Mark Lewis, 05.10.02, 3:00 PM ETSources Echoed In Ambrose's Doctoral Thesis
Stephen Ambrose was awarded a Ph.D. in history from the University of Wisconsin in 1963 after submitting a thesis entitled Upton and the Army, which was published as a book with the same title by the Louisiana University Press in 1964. The book remains in print.Below are comparisons between certain passages in Upton and the original source. The first Ambrose page number provided is from the thesis manuscript; the relevant page number from the book version follows the citation. If the book version is substantially different, it is quoted separately.
Towards an American Army, by Russell Weigley (Columbia University Press, 1962):
Weigley, pg. 218 "That is to say, the general staff agreed to call for a regular army of 281,000 men with veteran reserves to raise it to 500,000, plus a 'Continental Army' of part-time trainees roughly on the Swiss model. The Continental Army was to be a federal rather than a state force, but secured through volunteering."
Ambrose, pg. 233 "They asked for a regular Army of 281,000 men with enough reserves to raise it to 500,000 plus a 'Continental Army' of part-time trainees. The Continental Army was to be a federal rather than a state force, secured through volunteering." (Book version pg. 158.)
A Stillness at Appomattox, by Bruce Catton (Doubleday, 1953):
Catton, pg. 126 "The gunners sent double charges of canister plowing through the Confederate ranks, and at close range the effect was fantastic."
Ambrose, pg. 48 "The gunners sent a double charge of canister through the Confederate ranks." (Book version pg. 35.)
Catton, pp. 125-126 "He was riding his horse back and forth just behind the firing line, the only mounted man in sight, going unhurt by some miracle--every man on his staff was either killed or wounded."
Ambrose, pg. 47 "Most of the day Upton, encouraging his men, rode back and forth just behind the firing line. He remained unhurt even after every member of his staff was either killed or wounded and he was the only mounted man in sight." (Book version pg. 34.)
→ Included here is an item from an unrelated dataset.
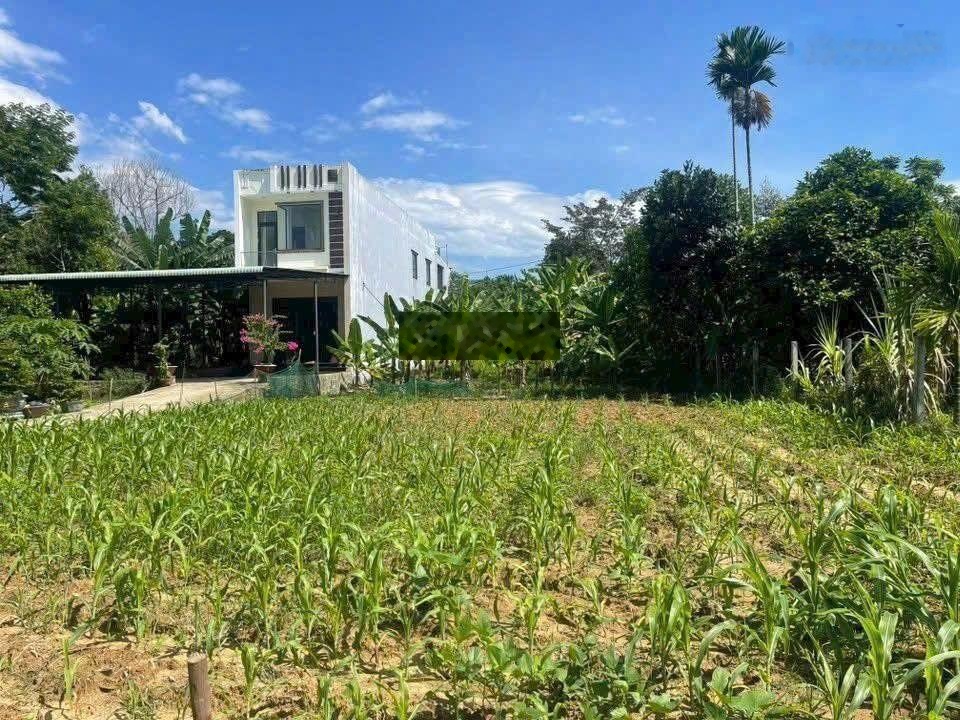 Đất view sông 1000m2 có 700m2 đất ở xã hòa nhơn.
Under the Old Flag, by James Harrison Wilson (D. Appleton, 1912):
Wilson, Vol. 1, pg. 554 "Although badly wounded in the thigh by a fragment of shell, which laid bare the femoral artery..."
Ambrose, pg. 58 "It tore his thigh muscle open and laid bare the femoral artery..." (Book version pg. 41.)
The Life and Letters of Emory Upton, by Peter Michie (D. Appleton, 1885):
Michie, pg. 5 "However, he used to console himself by saying that a soldier did not need to be an orator, for that, if he ever had to speak, it would be to his men in the face of the enemy, and on such occasions an oration must be necessarily short, and he thought he would be able for that."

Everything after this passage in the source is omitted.